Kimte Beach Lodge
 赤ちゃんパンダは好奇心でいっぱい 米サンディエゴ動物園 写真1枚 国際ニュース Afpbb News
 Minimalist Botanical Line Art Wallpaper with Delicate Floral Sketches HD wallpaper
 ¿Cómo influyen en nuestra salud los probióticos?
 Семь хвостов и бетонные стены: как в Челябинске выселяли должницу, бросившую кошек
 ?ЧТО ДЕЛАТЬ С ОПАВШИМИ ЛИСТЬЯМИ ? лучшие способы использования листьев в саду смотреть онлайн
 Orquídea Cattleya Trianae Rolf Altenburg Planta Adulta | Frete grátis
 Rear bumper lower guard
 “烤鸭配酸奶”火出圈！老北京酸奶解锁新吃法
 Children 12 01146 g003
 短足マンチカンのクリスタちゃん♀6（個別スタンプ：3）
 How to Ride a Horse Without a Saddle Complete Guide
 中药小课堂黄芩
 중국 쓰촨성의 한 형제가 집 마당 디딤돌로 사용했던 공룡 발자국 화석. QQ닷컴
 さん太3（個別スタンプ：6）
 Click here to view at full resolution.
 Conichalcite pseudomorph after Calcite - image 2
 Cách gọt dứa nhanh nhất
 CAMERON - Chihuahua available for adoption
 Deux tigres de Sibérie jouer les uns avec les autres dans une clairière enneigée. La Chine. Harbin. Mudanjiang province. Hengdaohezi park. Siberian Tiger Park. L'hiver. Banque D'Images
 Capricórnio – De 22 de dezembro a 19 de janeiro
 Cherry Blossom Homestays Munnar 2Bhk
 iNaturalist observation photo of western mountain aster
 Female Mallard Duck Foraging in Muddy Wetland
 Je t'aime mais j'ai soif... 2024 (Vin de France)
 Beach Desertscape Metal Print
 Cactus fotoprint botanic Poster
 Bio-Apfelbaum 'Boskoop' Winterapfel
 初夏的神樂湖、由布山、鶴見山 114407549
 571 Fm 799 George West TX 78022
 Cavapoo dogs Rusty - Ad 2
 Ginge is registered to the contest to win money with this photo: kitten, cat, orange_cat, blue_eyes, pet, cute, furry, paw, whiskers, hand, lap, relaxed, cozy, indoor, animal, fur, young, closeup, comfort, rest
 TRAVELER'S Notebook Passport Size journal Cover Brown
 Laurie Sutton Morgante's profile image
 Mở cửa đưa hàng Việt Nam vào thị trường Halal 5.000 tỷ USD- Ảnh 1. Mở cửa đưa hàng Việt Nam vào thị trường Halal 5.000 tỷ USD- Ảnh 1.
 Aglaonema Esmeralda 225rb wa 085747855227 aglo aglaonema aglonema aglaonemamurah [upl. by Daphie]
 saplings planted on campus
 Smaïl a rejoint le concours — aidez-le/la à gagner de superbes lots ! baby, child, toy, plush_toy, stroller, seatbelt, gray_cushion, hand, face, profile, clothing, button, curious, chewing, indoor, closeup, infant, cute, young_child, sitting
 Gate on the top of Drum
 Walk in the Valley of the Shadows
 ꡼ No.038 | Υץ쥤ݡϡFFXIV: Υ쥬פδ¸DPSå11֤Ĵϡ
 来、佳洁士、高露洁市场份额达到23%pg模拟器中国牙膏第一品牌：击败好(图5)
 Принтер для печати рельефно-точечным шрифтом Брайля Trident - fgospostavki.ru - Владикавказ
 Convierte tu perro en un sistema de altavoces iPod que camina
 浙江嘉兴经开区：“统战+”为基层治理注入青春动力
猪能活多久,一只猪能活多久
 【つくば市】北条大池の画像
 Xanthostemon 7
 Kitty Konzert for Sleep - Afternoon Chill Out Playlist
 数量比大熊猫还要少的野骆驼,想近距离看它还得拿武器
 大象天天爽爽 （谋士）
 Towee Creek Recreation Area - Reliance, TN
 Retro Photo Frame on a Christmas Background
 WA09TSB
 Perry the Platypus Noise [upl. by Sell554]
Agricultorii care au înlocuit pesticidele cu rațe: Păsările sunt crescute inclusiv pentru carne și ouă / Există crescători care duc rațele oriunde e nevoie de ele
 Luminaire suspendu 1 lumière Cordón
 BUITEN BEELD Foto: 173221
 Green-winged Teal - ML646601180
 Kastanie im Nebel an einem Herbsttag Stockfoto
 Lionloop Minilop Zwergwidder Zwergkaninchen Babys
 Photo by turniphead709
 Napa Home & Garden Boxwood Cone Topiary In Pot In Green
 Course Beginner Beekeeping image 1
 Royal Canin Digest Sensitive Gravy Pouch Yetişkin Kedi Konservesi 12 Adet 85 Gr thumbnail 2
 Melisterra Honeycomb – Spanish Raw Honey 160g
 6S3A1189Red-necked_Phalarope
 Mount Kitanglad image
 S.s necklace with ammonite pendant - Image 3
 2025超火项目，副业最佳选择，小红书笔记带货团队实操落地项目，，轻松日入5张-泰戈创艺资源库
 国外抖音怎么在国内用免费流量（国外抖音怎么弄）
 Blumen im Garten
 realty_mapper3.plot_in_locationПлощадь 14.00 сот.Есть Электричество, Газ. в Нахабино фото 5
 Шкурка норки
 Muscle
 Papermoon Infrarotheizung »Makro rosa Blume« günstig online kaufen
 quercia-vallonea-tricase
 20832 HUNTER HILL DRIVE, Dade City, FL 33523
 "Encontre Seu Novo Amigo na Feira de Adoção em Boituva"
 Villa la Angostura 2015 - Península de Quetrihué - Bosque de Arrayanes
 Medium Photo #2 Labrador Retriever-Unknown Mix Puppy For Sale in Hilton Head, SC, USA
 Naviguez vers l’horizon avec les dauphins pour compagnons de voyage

-=-=-

Exercise directions
Reproduce only the lines above, starting at the line with "Bio-Apfelbaum 'Boskoop' Winterapfel" and ending at the line with "USD- Ảnh 1. Mở", exactly as written.

Completed exercise
 Bio-Apfelbaum 'Boskoop' Winterapfel
 初夏的神樂湖、由布山、鶴見山 114407549
 571 Fm 799 George West TX 78022
 Cavapoo dogs Rusty - Ad 2
 Ginge is registered to the contest to win money with this photo: kitten, cat, orange_cat, blue_eyes, pet, cute, furry, paw, whiskers, hand, lap, relaxed, cozy, indoor, animal, fur, young, closeup, comfort, rest
 TRAVELER'S Notebook Passport Size journal Cover Brown
 Laurie Sutton Morgante's profile image
 Mở cửa đưa hàng Việt Nam vào thị trường Halal 5.000 tỷ USD- Ảnh 1. Mở cửa đưa hàng Việt Nam vào thị trường Halal 5.000 tỷ USD- Ảnh 1.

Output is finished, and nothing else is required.